(Beginning of DATA)
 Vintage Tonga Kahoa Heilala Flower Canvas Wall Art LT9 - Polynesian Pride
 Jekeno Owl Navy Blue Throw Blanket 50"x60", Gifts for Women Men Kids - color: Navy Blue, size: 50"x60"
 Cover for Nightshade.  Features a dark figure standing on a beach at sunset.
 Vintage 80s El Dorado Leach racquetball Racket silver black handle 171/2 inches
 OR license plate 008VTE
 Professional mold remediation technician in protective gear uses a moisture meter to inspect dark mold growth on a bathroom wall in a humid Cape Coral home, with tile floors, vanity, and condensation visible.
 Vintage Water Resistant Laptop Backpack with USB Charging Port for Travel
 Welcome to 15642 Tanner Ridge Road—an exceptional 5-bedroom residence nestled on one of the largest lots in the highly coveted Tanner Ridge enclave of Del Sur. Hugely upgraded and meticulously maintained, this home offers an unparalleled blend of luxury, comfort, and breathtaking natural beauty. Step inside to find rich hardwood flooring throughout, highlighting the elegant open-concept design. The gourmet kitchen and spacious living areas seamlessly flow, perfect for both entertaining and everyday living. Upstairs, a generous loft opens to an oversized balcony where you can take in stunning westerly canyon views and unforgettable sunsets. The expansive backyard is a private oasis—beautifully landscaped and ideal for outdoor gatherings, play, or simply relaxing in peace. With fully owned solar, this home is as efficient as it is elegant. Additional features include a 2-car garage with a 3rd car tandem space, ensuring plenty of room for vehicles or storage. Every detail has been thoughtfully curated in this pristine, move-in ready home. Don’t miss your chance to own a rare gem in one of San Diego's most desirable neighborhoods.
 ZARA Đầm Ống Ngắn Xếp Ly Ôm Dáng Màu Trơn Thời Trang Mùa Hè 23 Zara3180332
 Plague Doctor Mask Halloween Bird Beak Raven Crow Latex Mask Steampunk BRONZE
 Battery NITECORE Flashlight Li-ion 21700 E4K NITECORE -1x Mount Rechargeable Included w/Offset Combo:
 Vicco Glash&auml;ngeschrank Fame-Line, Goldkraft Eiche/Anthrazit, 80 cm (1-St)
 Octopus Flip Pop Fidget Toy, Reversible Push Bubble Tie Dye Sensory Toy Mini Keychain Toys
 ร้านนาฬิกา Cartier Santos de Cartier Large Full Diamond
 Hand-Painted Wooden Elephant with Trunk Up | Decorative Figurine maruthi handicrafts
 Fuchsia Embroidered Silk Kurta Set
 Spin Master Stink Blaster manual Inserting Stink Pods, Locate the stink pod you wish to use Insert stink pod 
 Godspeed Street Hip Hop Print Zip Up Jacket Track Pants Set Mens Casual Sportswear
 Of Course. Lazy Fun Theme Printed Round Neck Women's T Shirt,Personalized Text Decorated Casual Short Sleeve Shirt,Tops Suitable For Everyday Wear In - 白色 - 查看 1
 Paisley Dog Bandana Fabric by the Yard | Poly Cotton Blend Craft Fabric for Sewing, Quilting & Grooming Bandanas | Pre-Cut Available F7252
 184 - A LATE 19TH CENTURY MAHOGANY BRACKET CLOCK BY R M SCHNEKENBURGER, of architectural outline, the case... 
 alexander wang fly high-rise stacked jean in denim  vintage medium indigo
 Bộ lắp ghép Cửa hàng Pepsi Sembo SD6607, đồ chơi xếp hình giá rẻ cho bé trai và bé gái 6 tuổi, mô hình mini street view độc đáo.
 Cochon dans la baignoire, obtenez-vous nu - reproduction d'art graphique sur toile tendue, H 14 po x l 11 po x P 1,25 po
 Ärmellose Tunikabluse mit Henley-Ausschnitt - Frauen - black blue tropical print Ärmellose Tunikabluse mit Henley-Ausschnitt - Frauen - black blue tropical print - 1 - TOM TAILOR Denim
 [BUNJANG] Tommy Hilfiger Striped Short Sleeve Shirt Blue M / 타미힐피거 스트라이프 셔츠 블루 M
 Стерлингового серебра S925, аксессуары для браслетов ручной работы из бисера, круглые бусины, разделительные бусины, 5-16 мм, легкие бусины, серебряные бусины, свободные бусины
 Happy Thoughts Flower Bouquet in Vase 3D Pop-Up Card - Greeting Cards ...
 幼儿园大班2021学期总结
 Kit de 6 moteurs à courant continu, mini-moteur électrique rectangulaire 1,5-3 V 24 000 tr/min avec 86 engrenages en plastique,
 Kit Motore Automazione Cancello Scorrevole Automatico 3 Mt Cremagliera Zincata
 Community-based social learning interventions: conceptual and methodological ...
(End of DATA)
-- EXERCISE PROMPT --
Would you show every line in the data above that contains the string "Flower"?

-- RESULT OF THIS TASK --
 Vintage Tonga Kahoa Heilala Flower Canvas Wall Art LT9 - Polynesian Pride
 Happy Thoughts Flower Bouquet in Vase 3D Pop-Up Card - Greeting Cards ...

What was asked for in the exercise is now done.